The Accounting Standards Board has vowed it will not compromise orPFI. weaken accounting standards to accommodate the government’s private finance initiative.
The ASB this week warned of the dangers of altering the rules to make allowances for the government and stressed it would fight to protect the principle of FRS5, which was introduced to halt an epidemic of financial scams in the 1980s.
‘Our aim is to prevent the re-introduction of dubious off-balance sheet schemes,’ said Sandra Thompson, the ASB’s principal projects director.
‘We will add a bit more guidance to say how FRS5 will apply to PFI. The government will have to choose whether or not it will adopt it, but it has no legal obligation to comply. We are responsible for accounts in the private sector; they will have to follow what our conclusions are.’
The comments are set to deepen the rift between the ASB and the Treasury over who remains liable for the underlying assets in PFI projects. The government is determined not to let PFI stray into the public sector borrowing requirement, arguing it is purchasing a service rather than a building and the cost should therefore remain off balance sheets.
Arthur Andersen, Deloitte & Touche, Ernst & Young and KPMG are among the firms which have supported the ASB’s guidance in principle.

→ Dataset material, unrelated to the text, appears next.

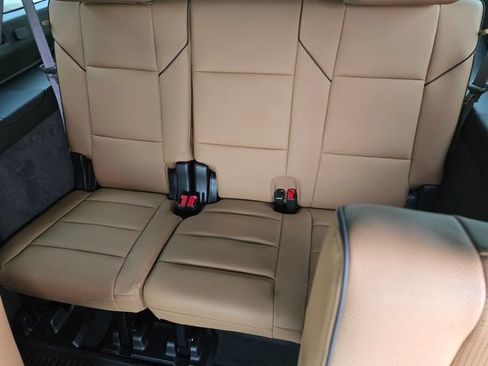 New 2026 Cadillac Escalade ESV Luxury w/ Touring Package RWD image 12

‘The ASB rules must be robust; anything less would undermine the board’s achievements to date,’ said a KPMG spokesman.
‘The ASB’s standards were put in place for good reason, but firms want to achieve commercial projects through PFI. We sincerely hope a compromise can be reached,’ said Keith Stein, PFI partner at E&Y.
Paymaster General Geoffrey Robinson said he was prepared to ignore the ASB rulings if it threatened to halt PFI and public-private partnerships schemes.
‘The issue is being debated and the results of the consultation document are being looked at. We want the two sectors to work effectively and hope a solution can be found,’ added an ASB spokeswoman.